Protective effects of pirfenidone on D-galactosamine and lipopolysaccharide-induced acute hepatotoxicity in rats.

OBJECTIVE AND
DESIGN: To investigate the protective effects of pirfenidone on acute liver damage caused by D-galactosamine (GalN)/lipopolysaccharide (LPS) in rats. MATERIAL AND TREATMENT: Sprague-Dawley rats were divided into five groups (five rats per group): normal control group, GalN/LPS-treated group, and three pirfenidone-treated group (100, 300 and 500 mg/kg i.p., respectively). All biochemical and histological indexes were determined at 12 h after GalN/LPS challenge.
METHODS: Severity of liver injury was assessed by determination of serum ALT, AST levels and histological analysis. SOD activity and MDA concentrations as well as TNF-alpha and IFN-gamma levels in the liver of rats were measured. The expression of iNOS and its product, NO concentration were also determined.

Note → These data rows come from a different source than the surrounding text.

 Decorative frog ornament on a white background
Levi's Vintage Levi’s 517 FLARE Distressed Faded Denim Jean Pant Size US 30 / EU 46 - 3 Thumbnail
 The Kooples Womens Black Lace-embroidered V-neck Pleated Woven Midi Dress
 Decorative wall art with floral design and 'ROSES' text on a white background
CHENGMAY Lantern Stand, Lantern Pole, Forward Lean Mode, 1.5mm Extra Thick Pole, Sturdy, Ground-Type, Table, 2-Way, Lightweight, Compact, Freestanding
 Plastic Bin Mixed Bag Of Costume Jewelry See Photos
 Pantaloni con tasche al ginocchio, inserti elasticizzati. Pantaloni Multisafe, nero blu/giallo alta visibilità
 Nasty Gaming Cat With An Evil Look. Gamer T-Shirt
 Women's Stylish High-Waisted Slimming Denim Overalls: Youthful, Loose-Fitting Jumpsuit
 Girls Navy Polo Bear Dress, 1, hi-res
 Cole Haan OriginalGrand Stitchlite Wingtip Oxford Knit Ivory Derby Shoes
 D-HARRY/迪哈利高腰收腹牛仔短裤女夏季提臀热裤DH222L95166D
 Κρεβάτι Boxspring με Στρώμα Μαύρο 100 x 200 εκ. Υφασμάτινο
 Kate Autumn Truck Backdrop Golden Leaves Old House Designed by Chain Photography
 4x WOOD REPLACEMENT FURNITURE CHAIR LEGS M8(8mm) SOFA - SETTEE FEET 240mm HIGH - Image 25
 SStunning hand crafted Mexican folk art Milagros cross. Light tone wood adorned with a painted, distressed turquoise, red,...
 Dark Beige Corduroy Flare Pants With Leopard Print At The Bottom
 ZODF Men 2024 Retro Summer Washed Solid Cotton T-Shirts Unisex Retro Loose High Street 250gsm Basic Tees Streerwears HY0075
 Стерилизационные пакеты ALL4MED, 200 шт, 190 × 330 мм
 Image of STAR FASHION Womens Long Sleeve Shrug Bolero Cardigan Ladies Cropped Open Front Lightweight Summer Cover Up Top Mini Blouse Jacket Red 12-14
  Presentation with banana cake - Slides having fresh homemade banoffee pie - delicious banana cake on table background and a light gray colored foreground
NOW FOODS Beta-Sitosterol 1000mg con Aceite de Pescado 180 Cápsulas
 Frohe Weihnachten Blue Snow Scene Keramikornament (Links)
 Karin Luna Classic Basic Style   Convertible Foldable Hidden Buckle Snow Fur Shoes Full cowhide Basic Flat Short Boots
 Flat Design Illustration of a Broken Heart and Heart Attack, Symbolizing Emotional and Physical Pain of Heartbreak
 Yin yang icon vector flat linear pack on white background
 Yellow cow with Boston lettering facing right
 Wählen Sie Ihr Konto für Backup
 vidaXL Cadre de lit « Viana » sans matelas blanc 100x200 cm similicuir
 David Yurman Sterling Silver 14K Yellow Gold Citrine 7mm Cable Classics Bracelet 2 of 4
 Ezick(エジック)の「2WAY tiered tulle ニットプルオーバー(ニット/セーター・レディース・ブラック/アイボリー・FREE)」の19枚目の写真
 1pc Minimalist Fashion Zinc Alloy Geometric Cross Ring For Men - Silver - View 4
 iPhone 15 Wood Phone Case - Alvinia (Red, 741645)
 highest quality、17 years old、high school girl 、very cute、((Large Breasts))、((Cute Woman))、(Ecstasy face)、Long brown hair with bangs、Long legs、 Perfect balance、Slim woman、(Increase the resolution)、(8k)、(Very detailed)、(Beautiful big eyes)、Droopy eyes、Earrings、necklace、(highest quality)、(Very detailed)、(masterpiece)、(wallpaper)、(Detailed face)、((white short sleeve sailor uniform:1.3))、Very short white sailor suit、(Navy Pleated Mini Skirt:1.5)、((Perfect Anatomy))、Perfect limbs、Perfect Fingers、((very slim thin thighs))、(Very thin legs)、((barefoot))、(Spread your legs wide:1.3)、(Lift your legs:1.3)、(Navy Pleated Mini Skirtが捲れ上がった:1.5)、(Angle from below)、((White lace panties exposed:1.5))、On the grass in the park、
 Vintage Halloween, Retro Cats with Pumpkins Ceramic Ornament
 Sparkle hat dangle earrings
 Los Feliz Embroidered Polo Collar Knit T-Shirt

RESULTS: Pretreatment with pirfenidone significantly attenuated GalN/LPS-induced severe hepatotoxicity, as evidenced by decreased ALT, AST levels and MDA content and improved histopathological changes. Pirfenidone inhibited the elevated levels of TNF-alpha and IFN-gamma and reduced the induction of iNOS/NO in a dose-dependent manner, which might be important mechanisms related to its protective effect.
CONCLUSIONS: Pirfenidone can provide a definite protective effect against acute hepatic injury caused by GalN/LPS in rats, which may be mainly mediated through its anti-inflammatory effect.